In re Hernandez, 195 B.R. 824, 829 (Bankr. D.P.R. 1996). See also In re Olson, 170 B.R. 161, 167-68 (Bankr.D.N.D. 1994) ("When a court is confronted with a consent judgment founded upon an agreement of the parties, the issue of `intention' then becomes the polestar for satisfying the defect inherent in fulfilling `actually litigated' requirement of collateral estoppel."); Restatement (Second) of Judgments § 29, comment (e) (1982) ("In the case of a judgment entered by confession, consent, or default, none of the issues is actually litigated. Therefore, the rule of this Section does not apply with respect to any issue in a subsequent action. The judgment may be conclusive, however, with respect to one or more issues, if the parties have entered an agreement manifesting such an intention. (Emphasis added)").
Federal practice treatises agree. "Justice, then, is probably better served if the principle of collateral estoppel does not apply to unlitigated issues underlying default or consent judgments, or to issues determined by the parties, unless it can be said that the parties could reasonably have foreseen the conclusive effect of their actions." 1B J. Moore, J. Lucas T. Currier, Moore's Federal Practice ¶ 0.444[1], at 794 (2d ed. 1984) (emphasis added).

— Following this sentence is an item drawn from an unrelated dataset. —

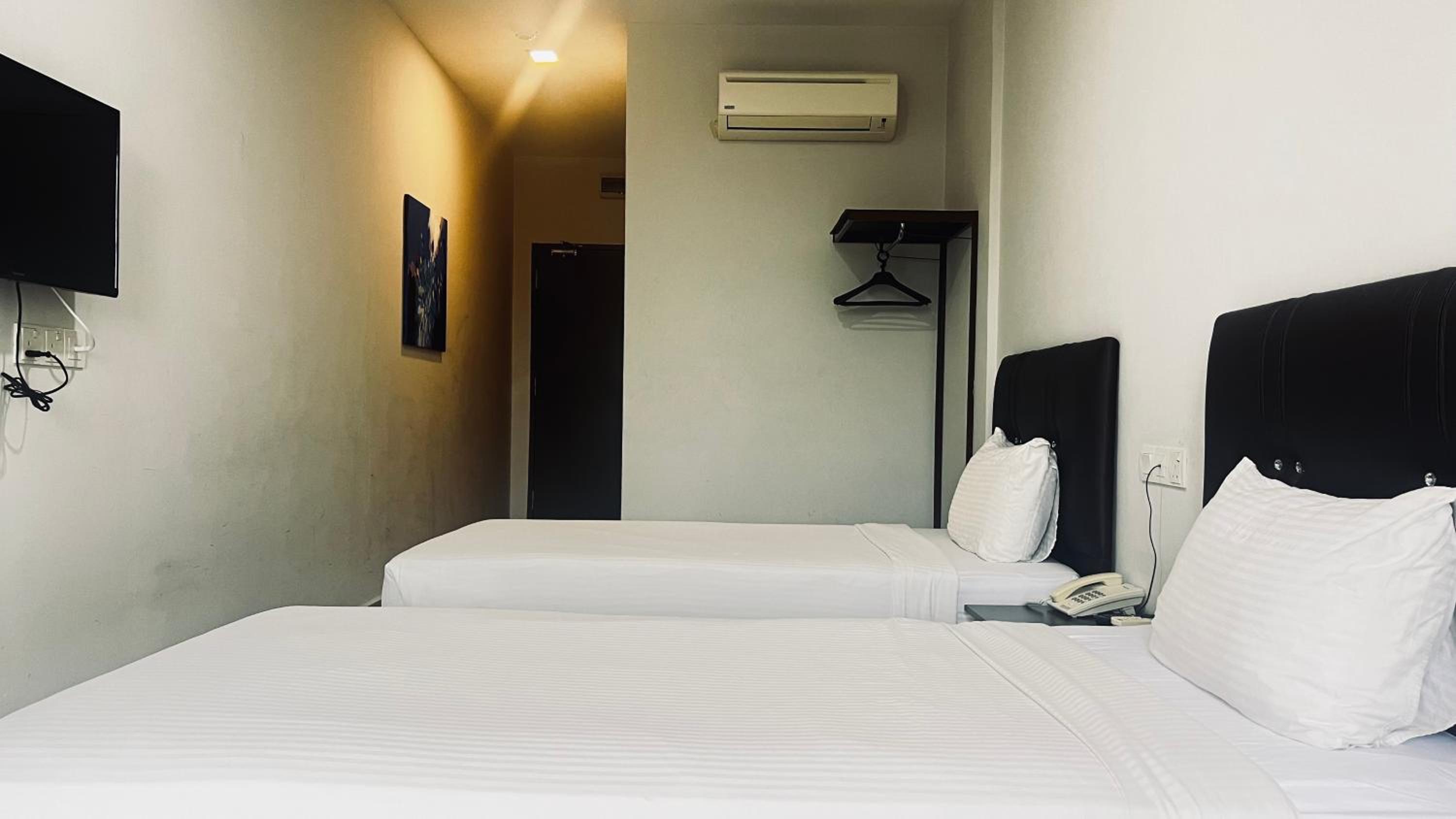 Standard Double or Twin Room - Photo 5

The intent of the parties can be inferred either from the language of the judgment or the record. Barber v. Int'l Brotherhood of Boilermakers, Iron Ship Builders, Blacksmiths, Forgers and Helpers, Dist. Lodge No. 57, 778 F.2d 750, 757 (11th Cir. 1985). See also In re Berr, 172 B.R. 299, 306 (9th Cir. B.A.P. 1994); In re Lacy, 947 F.2d 1276 (5th Cir. 1991); Gilbert v. Ben-Asher, 900 F.2d 1407 (9th Cir.), cert. denied 498 U.S. 865, 111 S.Ct. 177, 112 L.Ed.2d 141 (1990); Klingman v. Levinson, 831 F.2d 1292 (7th Cir. 1987); In re Halpern, 810 F.2d 1061 (11th Cir. 1987); Hartley v. Mentor Corp., 869 F.2d 1469 (Fed. Cir. 1989).
In the instant case the Agreement for Judgment clearly evidences the parties' intent that the judgment was not to be dischargeable and, as the Court has found, the Defendant intended to be so bound.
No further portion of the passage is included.